| Exercise inputs |
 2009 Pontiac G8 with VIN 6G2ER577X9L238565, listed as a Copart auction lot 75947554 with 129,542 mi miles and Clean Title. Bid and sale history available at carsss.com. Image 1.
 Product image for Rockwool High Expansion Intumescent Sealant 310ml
...
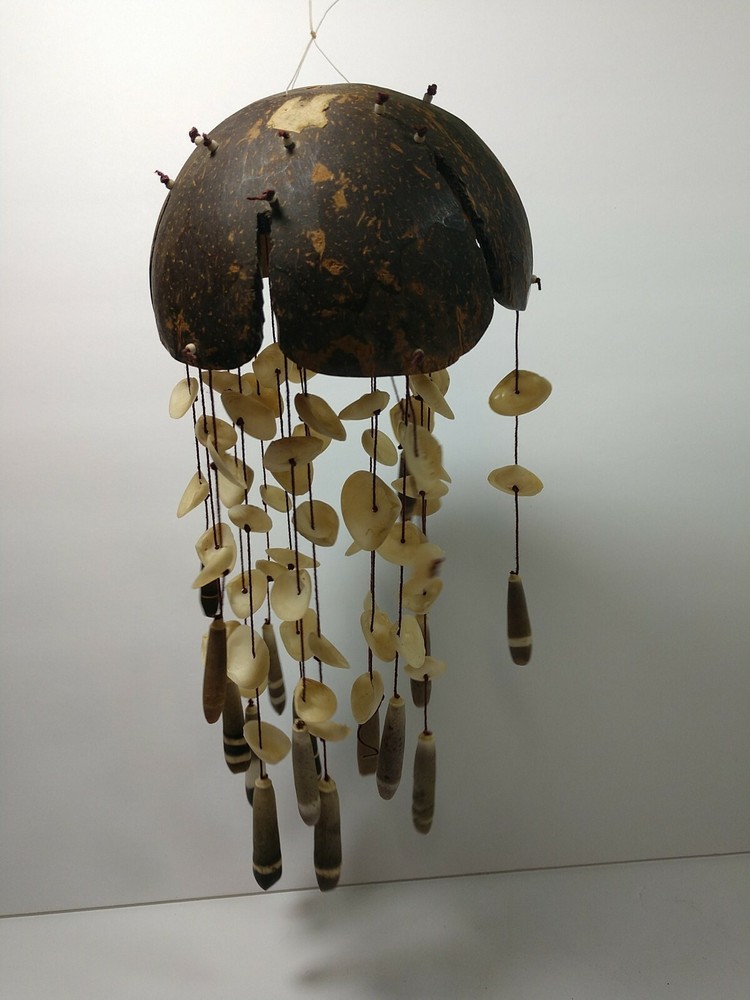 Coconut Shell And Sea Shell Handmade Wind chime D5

| What is required |
Please copy, exactly as written, every line in the listing above from the line with "2009 Pontiac G8" up to and including the line with "Product image for".

| Output below |
 2009 Pontiac G8 with VIN 6G2ER577X9L238565, listed as a Copart auction lot 75947554 with 129,542 mi miles and Clean Title. Bid and sale history available at carsss.com. Image 1.
 Product image for Rockwool High Expansion Intumescent Sealant 310ml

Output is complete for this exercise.